AVAILABLE DATA –
*-*-*
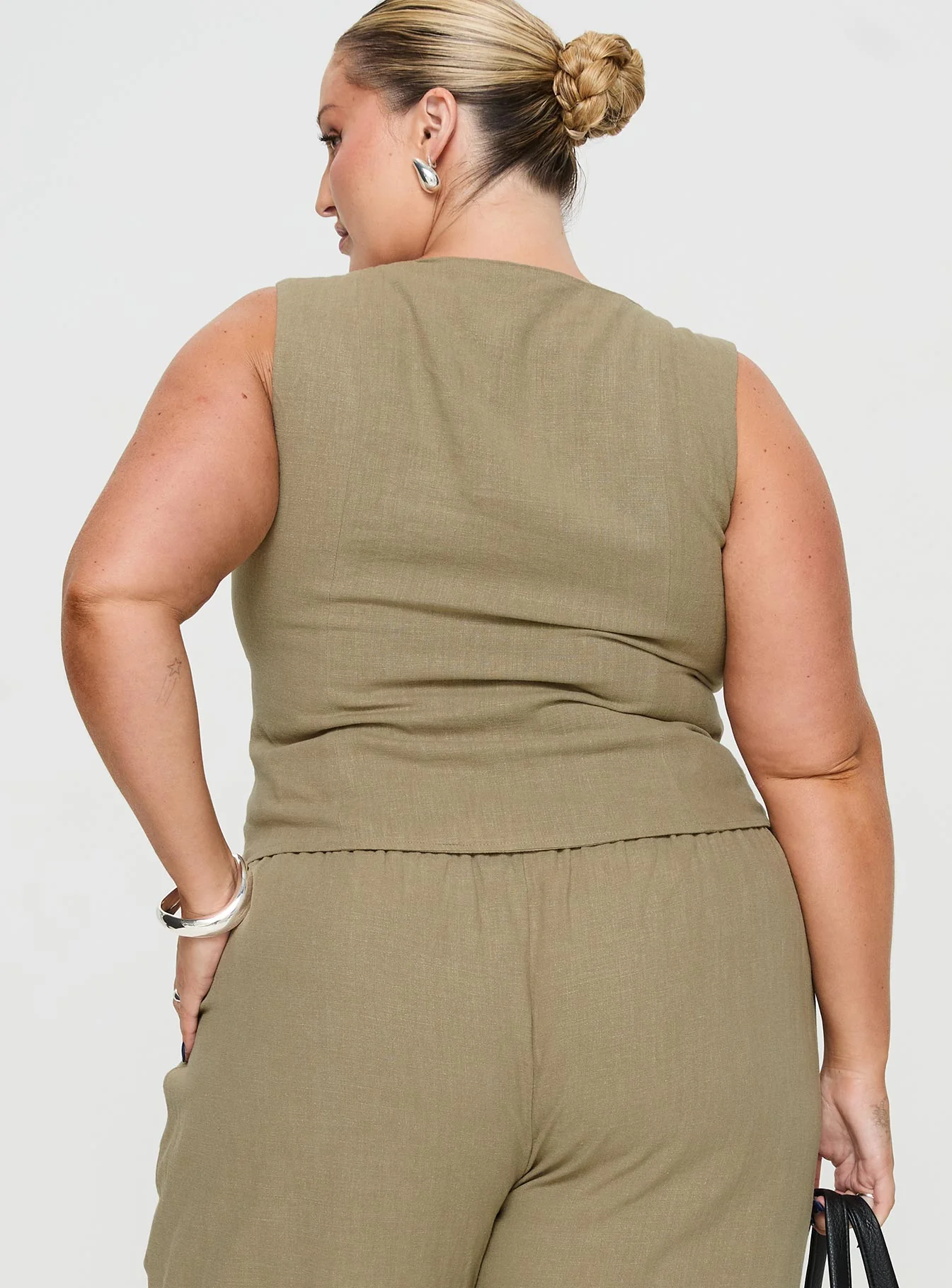 Zenda Linen Blend Top Olive Curve - Image 5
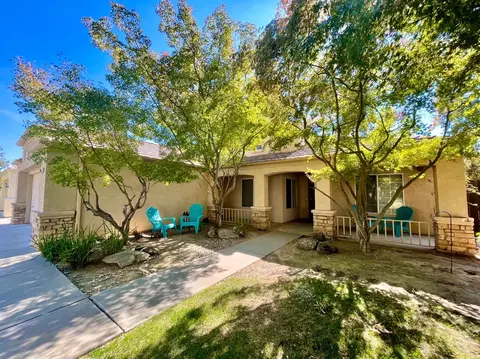 2357 E Fallbrook Ave, Fresno, CA 93720 photo 1
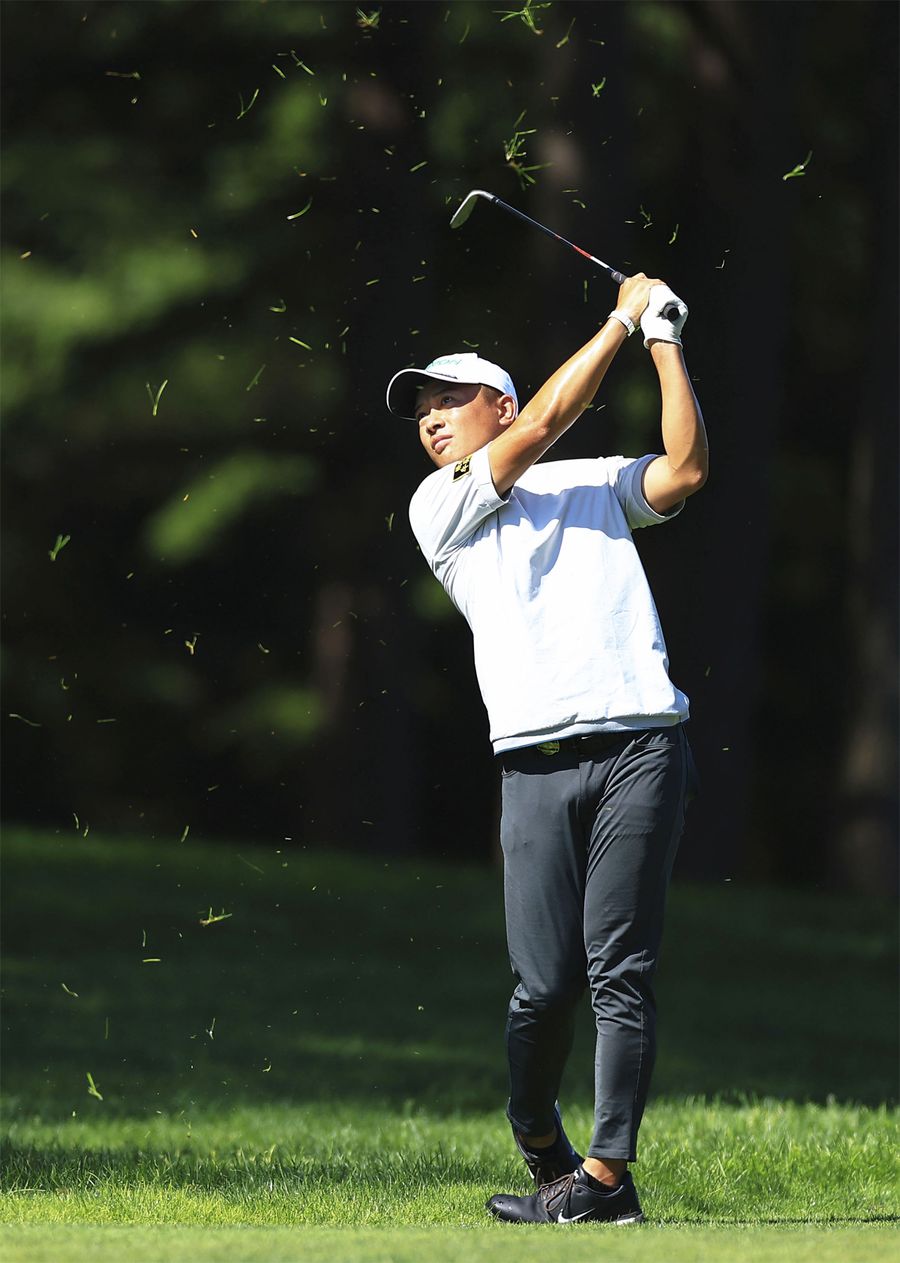 第２日、通算１５アンダーで４位の岡田晃平＝御前水ＧＣ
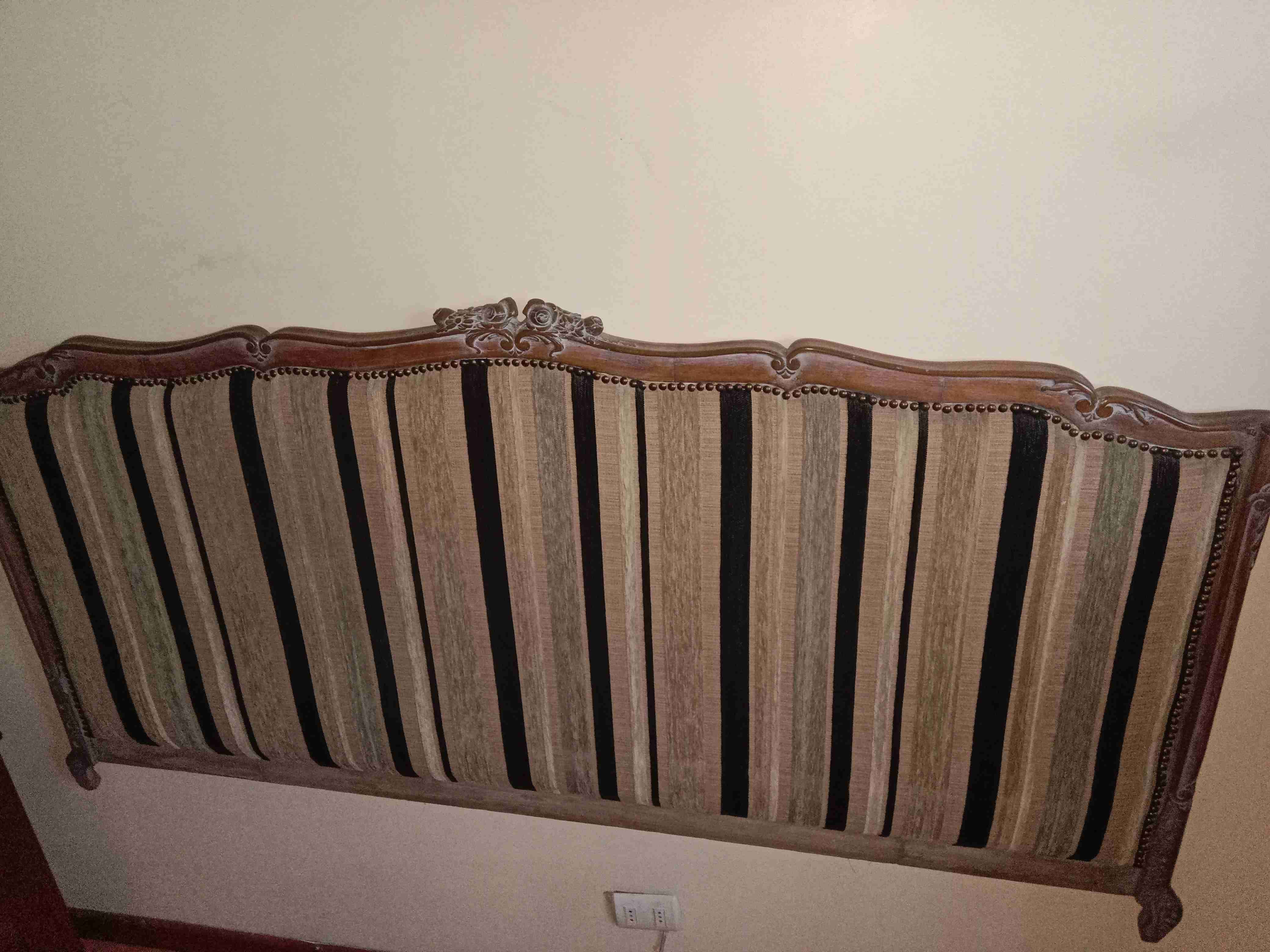 Cabecera de cama tapizada - miniatura 3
*-*-*
TASK DIRECTIONS – From the line that holds "2357 E Fallbrook" to the last line of the data, return those lines exactly and nothing else; both ends count, and pictures stay out.

SOLUTION FOR THIS PROBLEM –
 2357 E Fallbrook Ave, Fresno, CA 93720 photo 1
 第２日、通算１５アンダーで４位の岡田晃平＝御前水ＧＣ
 Cabecera de cama tapizada - miniatura 3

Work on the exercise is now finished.